(Beginning of Data provided)

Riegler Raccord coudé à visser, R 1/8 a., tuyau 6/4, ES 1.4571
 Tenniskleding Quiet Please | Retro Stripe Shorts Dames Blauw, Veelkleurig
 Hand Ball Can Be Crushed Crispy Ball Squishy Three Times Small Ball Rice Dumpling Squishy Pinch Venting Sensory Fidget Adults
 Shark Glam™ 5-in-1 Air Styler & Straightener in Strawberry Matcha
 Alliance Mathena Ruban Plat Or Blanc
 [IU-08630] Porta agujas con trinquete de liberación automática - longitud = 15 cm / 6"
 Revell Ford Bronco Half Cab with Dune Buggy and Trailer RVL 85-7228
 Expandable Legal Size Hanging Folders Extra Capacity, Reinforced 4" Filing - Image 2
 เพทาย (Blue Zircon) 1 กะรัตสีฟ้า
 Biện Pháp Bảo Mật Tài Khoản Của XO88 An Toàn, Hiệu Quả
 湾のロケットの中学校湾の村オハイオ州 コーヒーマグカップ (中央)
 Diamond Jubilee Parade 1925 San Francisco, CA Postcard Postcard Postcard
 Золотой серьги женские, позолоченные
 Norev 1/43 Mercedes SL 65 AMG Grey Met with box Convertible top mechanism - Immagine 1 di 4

(End of Data provided)

■ Work item: All lines from the one with "Hand Ball Can" through the final line of the listing above are to be restated word for word; the lines before it are left out.

■ Response to this task:
 Hand Ball Can Be Crushed Crispy Ball Squishy Three Times Small Ball Rice Dumpling Squishy Pinch Venting Sensory Fidget Adults
 Shark Glam™ 5-in-1 Air Styler & Straightener in Strawberry Matcha
 Alliance Mathena Ruban Plat Or Blanc
 [IU-08630] Porta agujas con trinquete de liberación automática - longitud = 15 cm / 6"
 Revell Ford Bronco Half Cab with Dune Buggy and Trailer RVL 85-7228
 Expandable Legal Size Hanging Folders Extra Capacity, Reinforced 4" Filing - Image 2
 เพทาย (Blue Zircon) 1 กะรัตสีฟ้า
 Biện Pháp Bảo Mật Tài Khoản Của XO88 An Toàn, Hiệu Quả
 湾のロケットの中学校湾の村オハイオ州 コーヒーマグカップ (中央)
 Diamond Jubilee Parade 1925 San Francisco, CA Postcard Postcard Postcard
 Золотой серьги женские, позолоченные
 Norev 1/43 Mercedes SL 65 AMG Grey Met with box Convertible top mechanism - Immagine 1 di 4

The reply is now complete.